[PROVIDED INFORMATION]

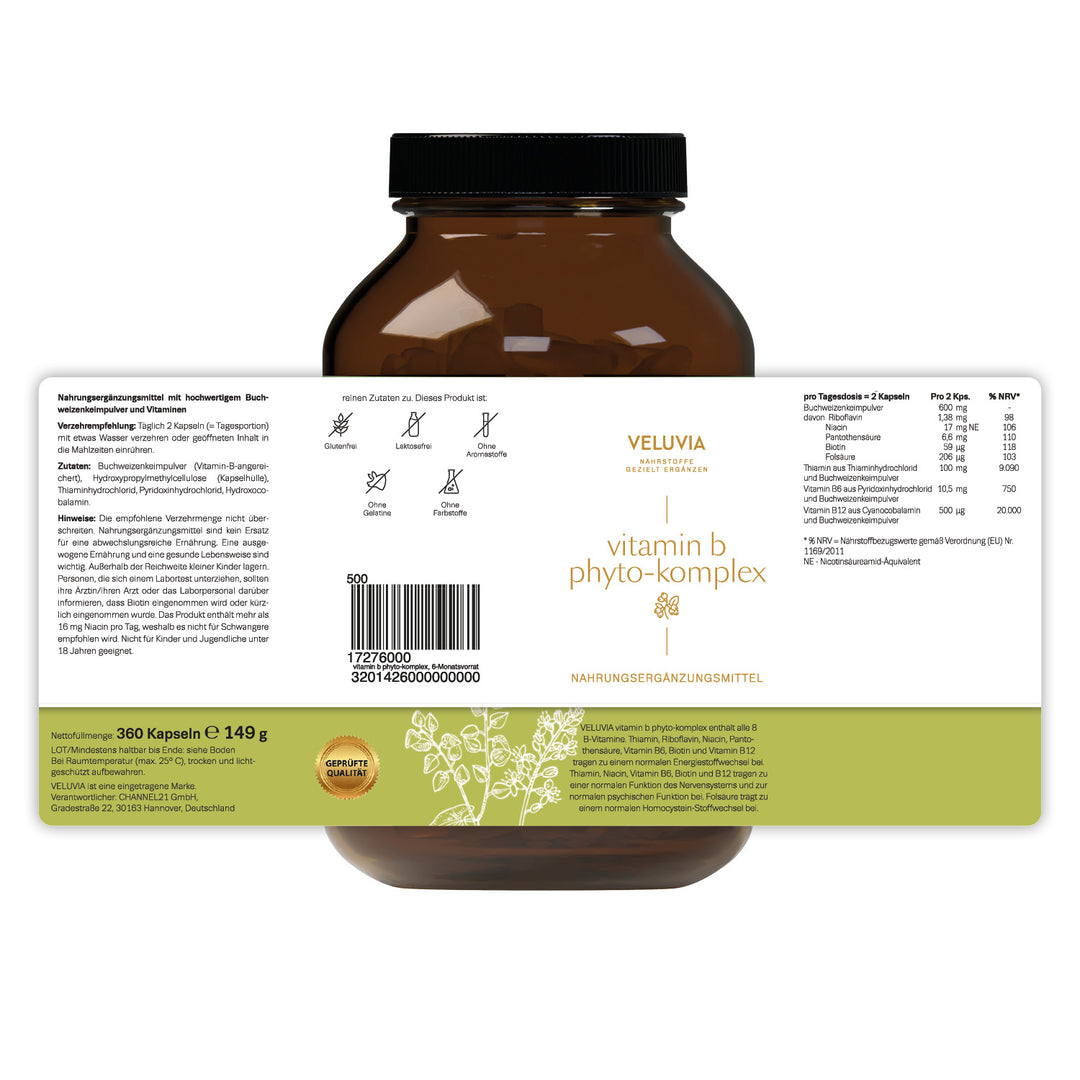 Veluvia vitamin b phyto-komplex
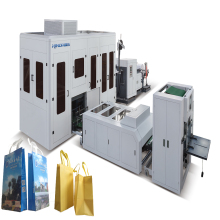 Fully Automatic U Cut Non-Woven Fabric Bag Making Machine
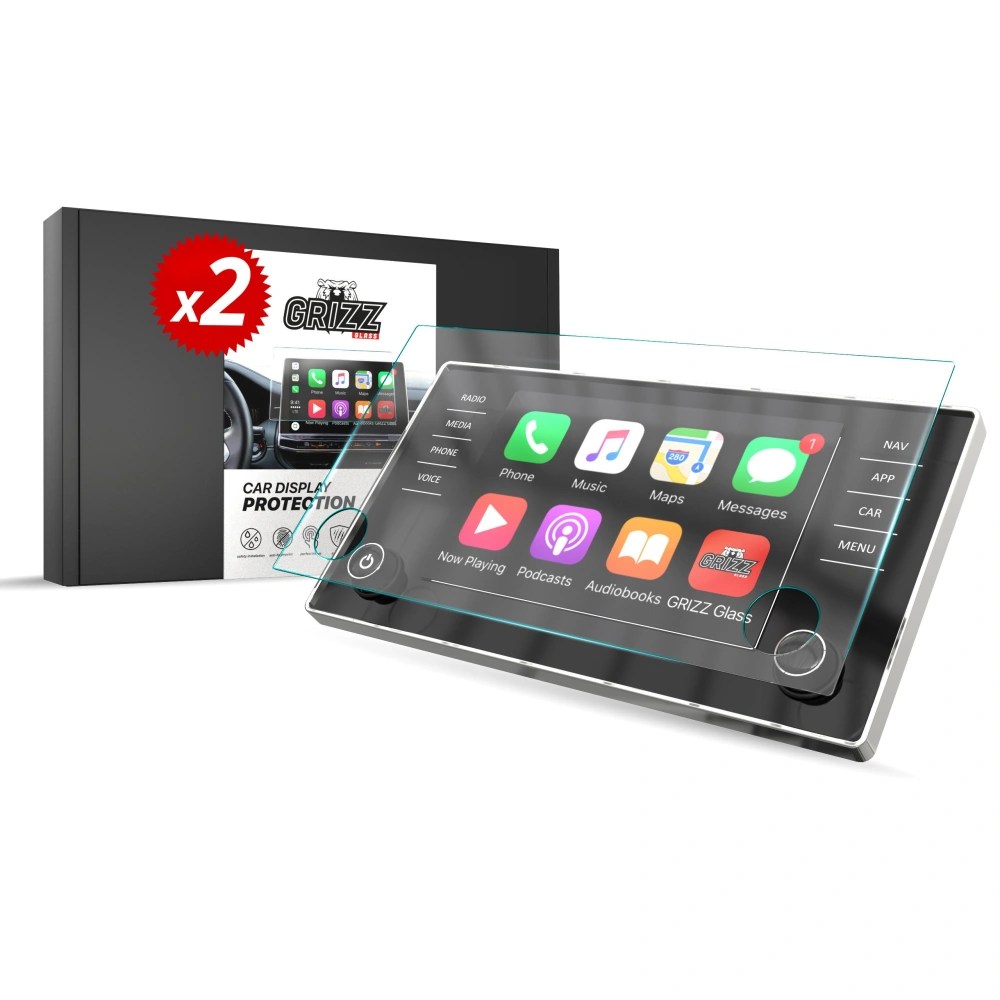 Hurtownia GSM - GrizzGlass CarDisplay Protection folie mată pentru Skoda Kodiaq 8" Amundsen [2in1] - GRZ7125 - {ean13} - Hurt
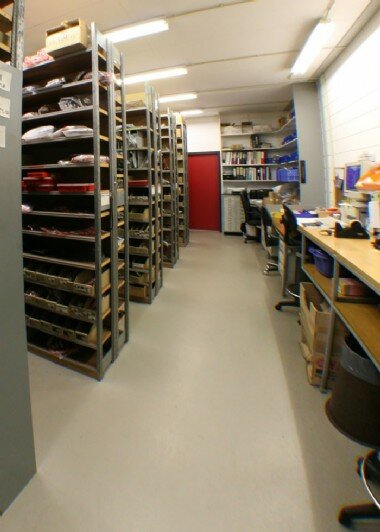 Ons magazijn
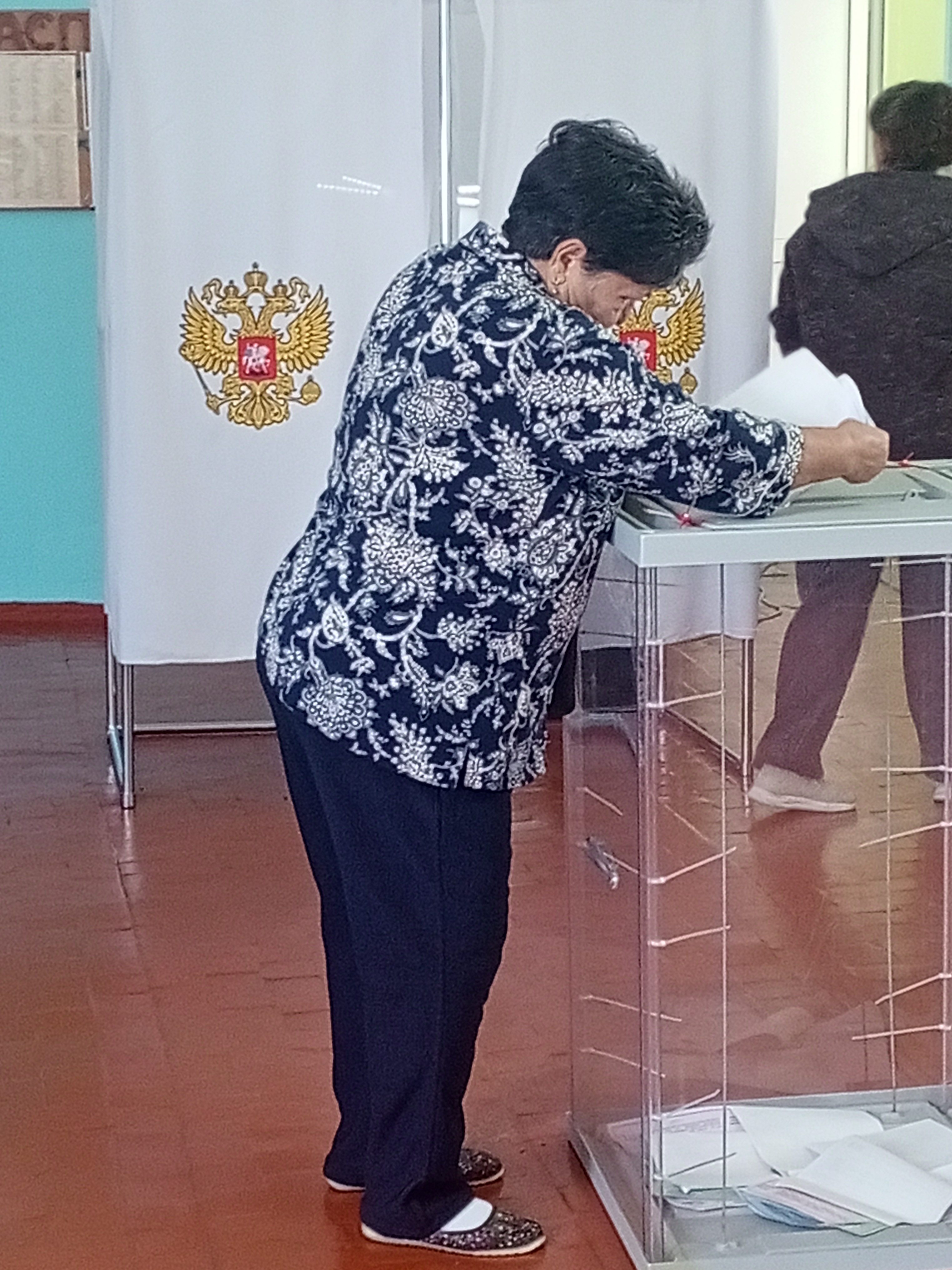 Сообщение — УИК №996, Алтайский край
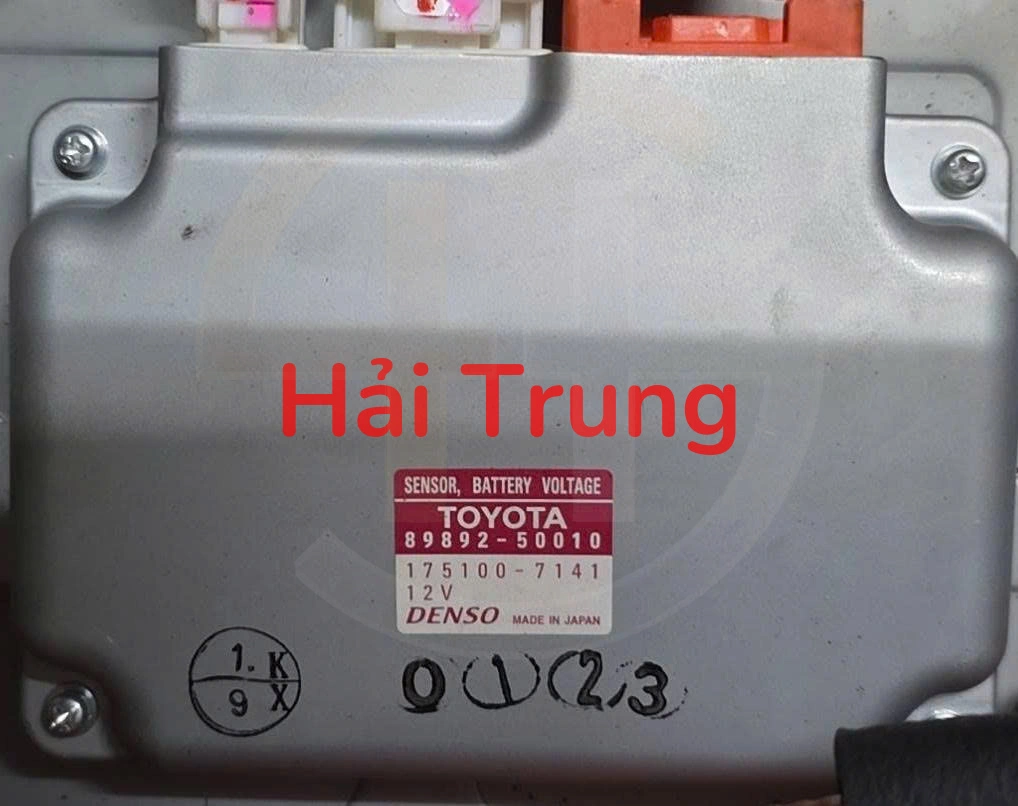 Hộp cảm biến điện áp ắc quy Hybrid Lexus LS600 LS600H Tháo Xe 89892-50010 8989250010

[/PROVIDED INFORMATION]

* **WHAT THE TASK REQUIRES**
Give an exact copy of the entries, excluding all pictures.

* **RESULT OF THE TASK**
 Veluvia vitamin b phyto-komplex
 Fully Automatic U Cut Non-Woven Fabric Bag Making Machine
 Hurtownia GSM - GrizzGlass CarDisplay Protection folie mată pentru Skoda Kodiaq 8" Amundsen [2in1] - GRZ7125 - {ean13} - Hurt
 Ons magazijn
 Сообщение — УИК №996, Алтайский край
 Hộp cảm biến điện áp ắc quy Hybrid Lexus LS600 LS600H Tháo Xe 89892-50010 8989250010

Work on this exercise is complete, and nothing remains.